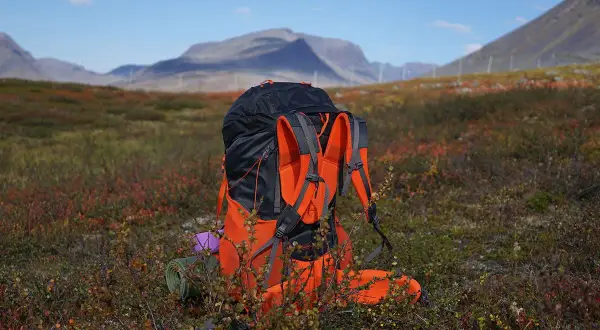 En stor ryggsäck står redo för mat utomhus i fjällterräng. En liggunderlag och en lila kudde syns vid sidan.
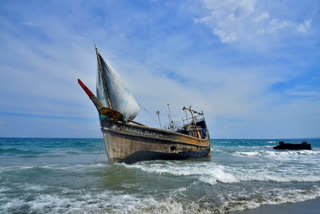 Rohingya land on Indonesian beach after weeks at sea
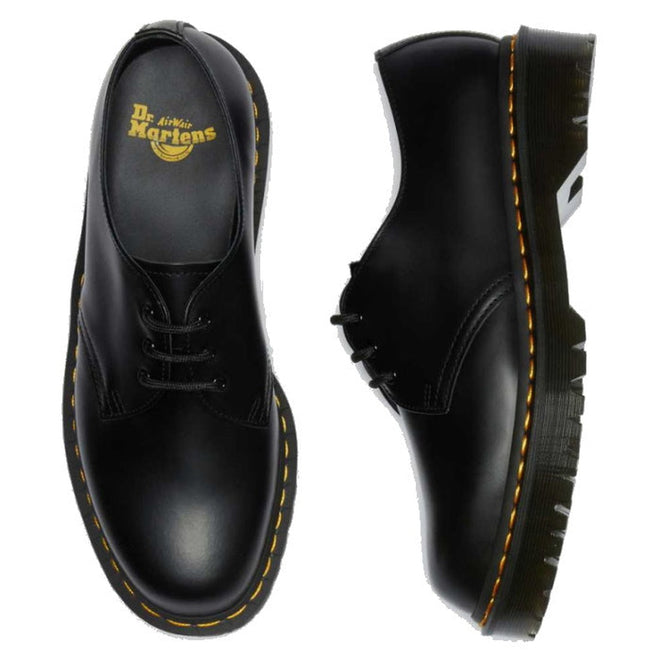 right foot top down view and left foot outer side view of black leather dr martens 1461 3 eyelet shoes aith the bes sole,
883985883604,
883985883611,
883985883628,
883985883635,
883985883642,
883985883659,
883985883666,
883985883673,
883985883680,
883985883697,
883985883703,
883985883710,
883985883727,
883985883734,
883985883741,
883985883765,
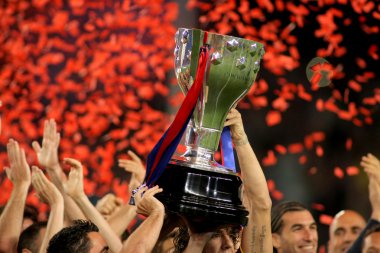 FC Barcelona's players hold up La Liga trophy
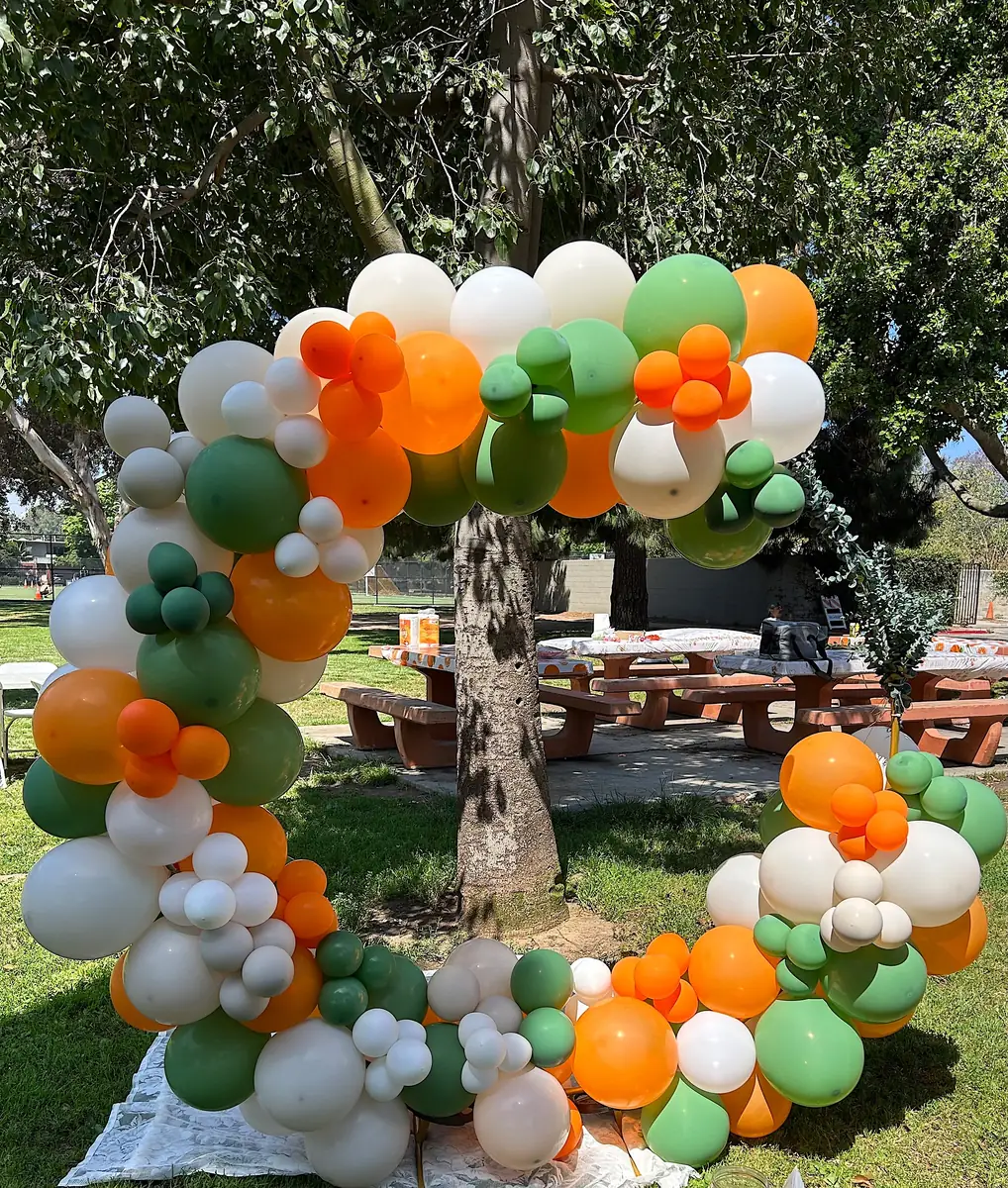 Circular balloon arch in orange, sage green and white in a park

※

▸ Goal of the exercise
Repeat each line of the material exactly, and drop any image it carries.

▸ Solution
 En stor ryggsäck står redo för mat utomhus i fjällterräng. En liggunderlag och en lila kudde syns vid sidan.
 Rohingya land on Indonesian beach after weeks at sea
 right foot top down view and left foot outer side view of black leather dr martens 1461 3 eyelet shoes aith the bes sole,
883985883604,
883985883611,
883985883628,
883985883635,
883985883642,
883985883659,
883985883666,
883985883673,
883985883680,
883985883697,
883985883703,
883985883710,
883985883727,
883985883734,
883985883741,
883985883765,
 FC Barcelona's players hold up La Liga trophy
 Circular balloon arch in orange, sage green and white in a park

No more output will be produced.